Впрочем, как же не быть унижению? Нет, оно есть: вы унижены тем, что не [успели справиться с этим деревом, обломать его ветвей], сующихся куда им не следует; вы несообразительны и бессильны; от этого, кроме физической боли, есть в вас и досада. Однако ж все это – тонкости, которыми не стоит заниматься: простая ли тут боль или вместе с болью есть и унижение. Об этом не стоит рассуждать. Важность только в том, что вы не делаете ничего особенно дурного, когда пользуетесь при случае тенью того же самого дерева, которое хлестнуло вас по лицу; важность еще в том, что если вы как-нибудь воспользовались его тенью, из этого не следует еще заключить, что вам не был неприятен удар его ветви и не чувствуете вы надобности [сломать ее], чтобы не повторяла она над вами такой же проделки.

Мы нашли ближайшую причину той невозможности защитить свои права, которая заставляет дюжинных людей в народе безответно переносить страдания и неприятности, не обнаруживая даже злобы на обидчиков. Но ведь если всмотреться поближе в эту частную и ближайшую причину, она сама требует объяснения. [Понятно, что безответно подчинялся тяжелому и оскорбительному чеченскому порядку обращения русский пленник, уведенный в Гергебиль или Гуниб мюридами Шамиля. Он там был один против сотни, против тысячи людей. А здесь наоборот: обидчик один, обижаемых десятки. От всяких несправедливостей и наглостей страдает масса, а полезны или приятны они только небольшому числу людей. Отчего же за малочисленными обидчиками остается сила, а бесчисленные обижаемые находят себя бессильными?] Понять это поможет нам рассказ г. Успенского «Обоз». В этом маленьком очерке нет ровно никаких особенных происшествий: среди сильной метели кое-как дотащился обоз до постоялого двора; мужики поотогрелись, и один из них позабавил товарищей на сон грядущий анекдотом о том, какие здоровенные лошади были у какого-то неизвестного извозчика; под этот рассказ усталые мужики крепко уснули. Дальше тоже не случилось ничего особенного; но если мы будем сокращать рассказ о том, что было дальше, впечатление факта ослабится и вы не поймете всего смысла его.
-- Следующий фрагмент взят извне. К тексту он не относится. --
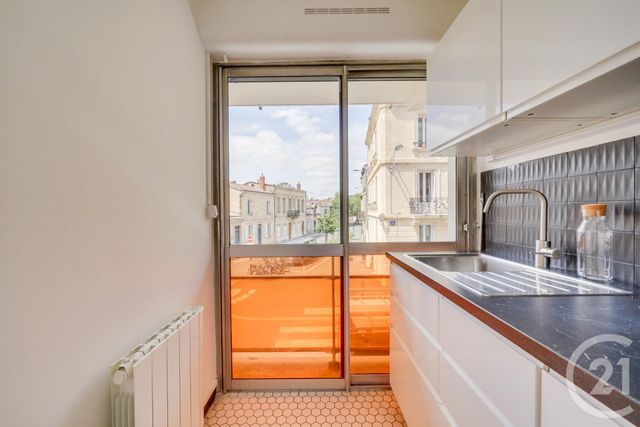 Afficher la photo en grand Appartement F1 à louer - 1 pièce - 30.7 m2 - BORDEAUX - 33 - AQUITAINE - Century 21 Talent Immobilier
Предлагаем же вам прочесть внимательно весь следующий довольно длинный отрывок, не перебегая глазами ни через одну строку, хотя на всех строках все одно и то же.

В избе было как во тьме кромешной, все наповал храпело: у иного в горле такие раскаты раздавались, что представлялось, что кто-нибудь во мраке ночи, подкравшись к спящему, умертвил его.

Рано утром, лишь только пропели вторые петухи, кто-то из мужиков сонным голосом крикнул:

– Эй, вставай, рассчитываться пора!

В избе зажгли ночник.

– Что, как погода-то, ребята?

– Не говори, брат!.. такая-то бушует!

– Ах ты, господи! Что делать?

– Как мне быть с своею лошадью-то? Вряд доедет…

Извозчики разбудили хозяина и мало-помалу начали собираться вокруг стола, медленно вытаскивая из-за пазухи кошели, висевшие на шее; иные еще умывались, молились богу и старались не смотреть на садившегося за стол хозяина, потому что расчет для них был невыносим. Один мужик стоял у двери и глядел на икону, намереваясь занести руку на лоб, но хлопанье счетов и хозяйский голос смущали его.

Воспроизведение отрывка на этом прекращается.